Community Planner Jennifer Barr established the guidelines for the evening, and the teams began their work.


At one table, facilitator Beige Berryman, a planning department urban design specialist, kept track of a flurry of ideas from city residents Kara Lindstrom, Larry Weintraub, Len Neely, David Curtis and Kendra Lawton.
Berryman said at the get-go that she wouldn’t tape an icon down or write a description of how that particular building block would be expressed at that location without group consensus. Mostly, that came pretty easily.

Lawton, who works for the Cultural Alliance, kicked things off by suggesting a new transit stop near the Art Museum. She lives in South Philadelphia, and said it is very tough to get to the Art Museum area from many parts of the city without a car.
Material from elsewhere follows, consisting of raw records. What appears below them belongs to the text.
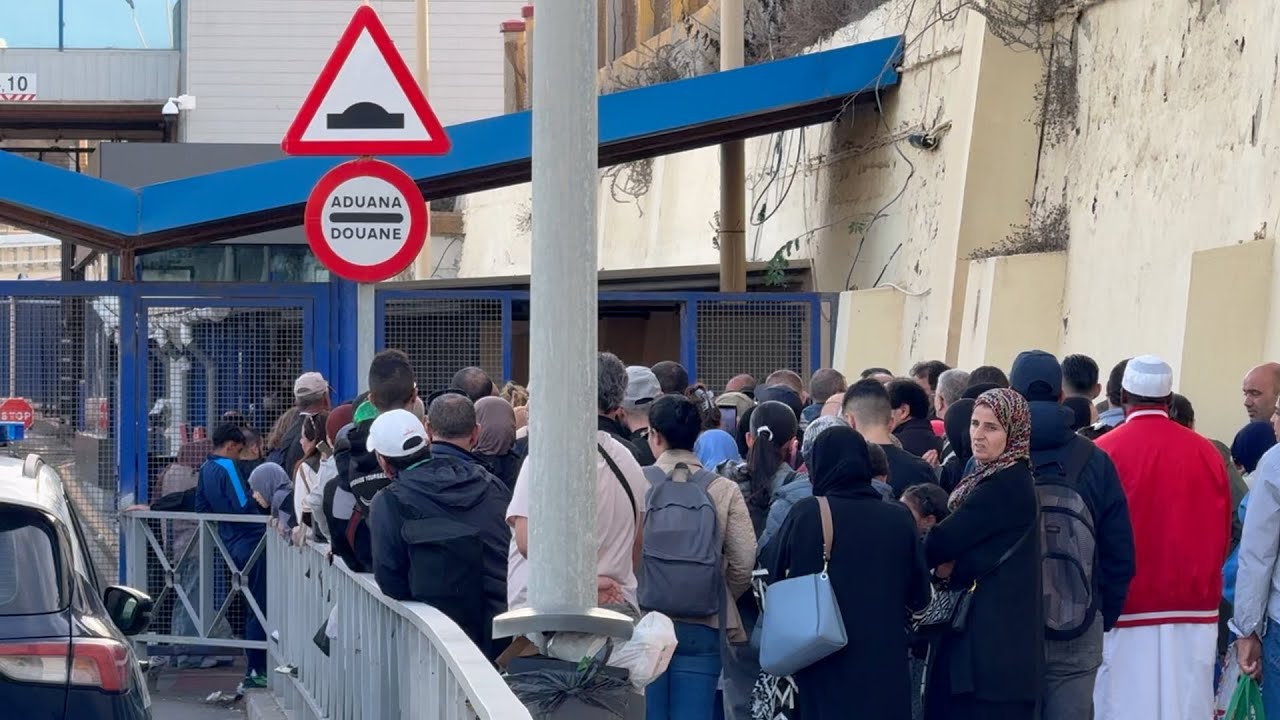 Colas en la frontera: el infierno de cruzar de Ceuta a Marruecos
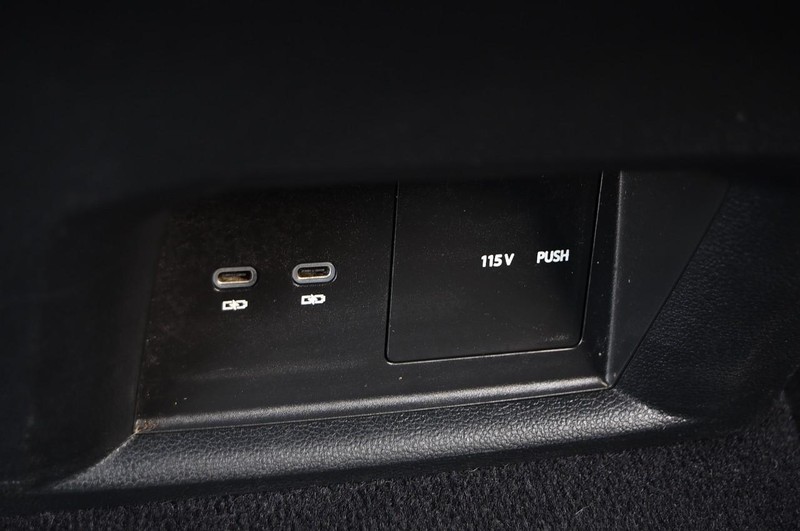 Volkswagen Atlas Cross Sport Vehicle Image 24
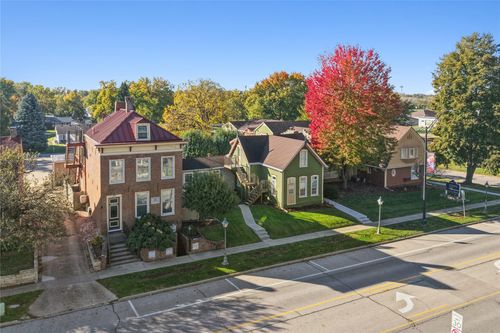 1111 Washington St, Pella, IA, 50219-1507 | Card Image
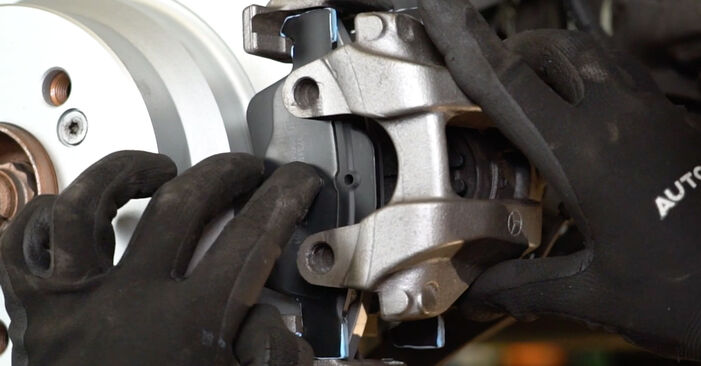 Mercedes C218 CLS 350 CDI / d 4-matic (218.393) 2013 Brake Pads replacement: free workshop manuals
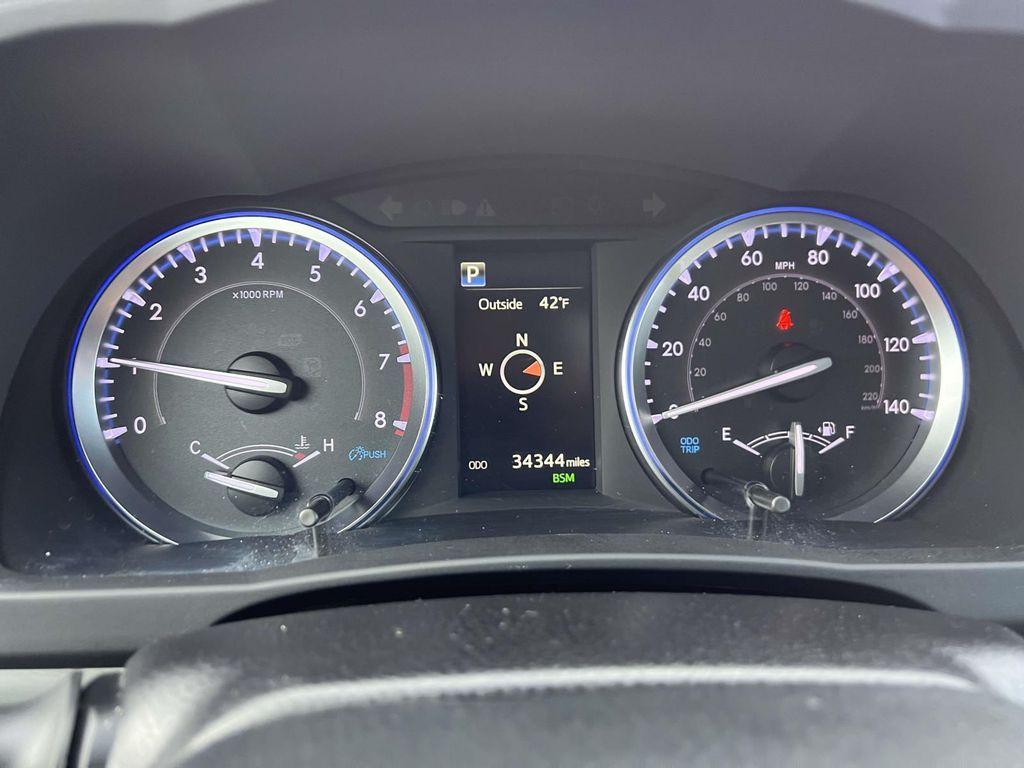 used 2019 Toyota Highlander car, priced at $27,499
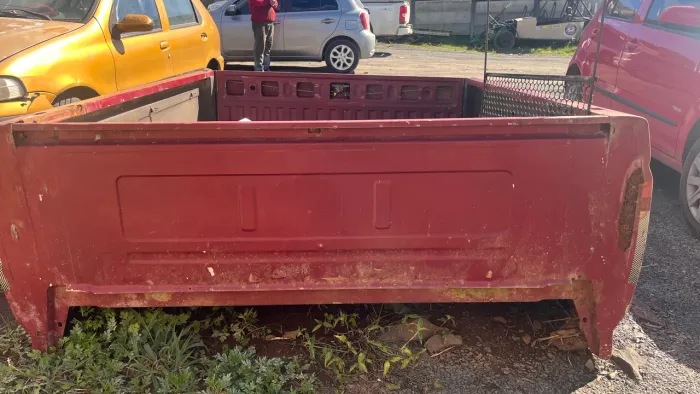 Caçamba de f1000 97 e 85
Later in the discussion, the group built on her suggestion. Soon, they were using transit to link the Philadelphia Museum of Art with Centennial Park, where the Please Touch Museum now is.

Weintraub, an architect who lives in Bella Vista and has given tours for the Preservation Alliance for the past 20 years, suggested covering I-95 in Center City. Berryman said the exercise was about thinking big – did the group want to propose a larger area to cover? But the group went with the original suggestion when Weintraub pointed out that in other areas, there is more land between the big highway and the water with which to work. So the Center City cover would have the biggest impact.

Everyone in the group agreed that there wasn’t enough of a transit connection between Northeast Philadelphia and Center City, and that portions of the Northeast seemed underutilized. Before long, a new town center emerged on the map. The first step was extending the Market-Frankford El line so that users could take it to Pennypack Park, the Northeast Airport and industrial park, and Frankford Mills Mall.

This was a place where some industry – perhaps green industries – could be more developed, the group decided. And there was also room for more housing, and even agricultural use.

The group proposed a similar community center in the East Oak Lane/West Oak Lane/Olney area. Here, public transit from Center City would be extended, but so would Route 309 from the suburbs. With the dense housing in the area, some compatible industry would give residents a place to work without a big commute, Lindstrom suggested. The area is in need of green space, everyone agreed, and Lindstrom said she saw no reason why that green space couldn’t be at least partly productive – in other words, agricultural.

The group also suggested more green space and denser residential zoning for Chinatown.

A quick trip around the room to look at the half-dozen maps created showed some big ideas in common. Most of the groups wanted to bring some sort of rail service to the Northeast portion of the city, for example – although many chose to build a light rail line on Roosevelt Boulevard instead of extending the Market-Frankford. Some wanted to cap portions of I-95. Other ideas included improving north-south transportation in West Philadelphia and eliminating vacant housing city wide.

At the end of the night, all of the maps were collected by the Plan2035 team.
Further public mapping sessions are scheduled for June 1 at the Please Touch Museum from 6:30 p.m. to 8:30 p.m.; Esperanza College, Monday, June 7 from 6:30 p.m. to 8:30 p.m.; and Knowlton Mansion, Tuesday, June 8 from 6:30 p.m. to 8:30 p.m.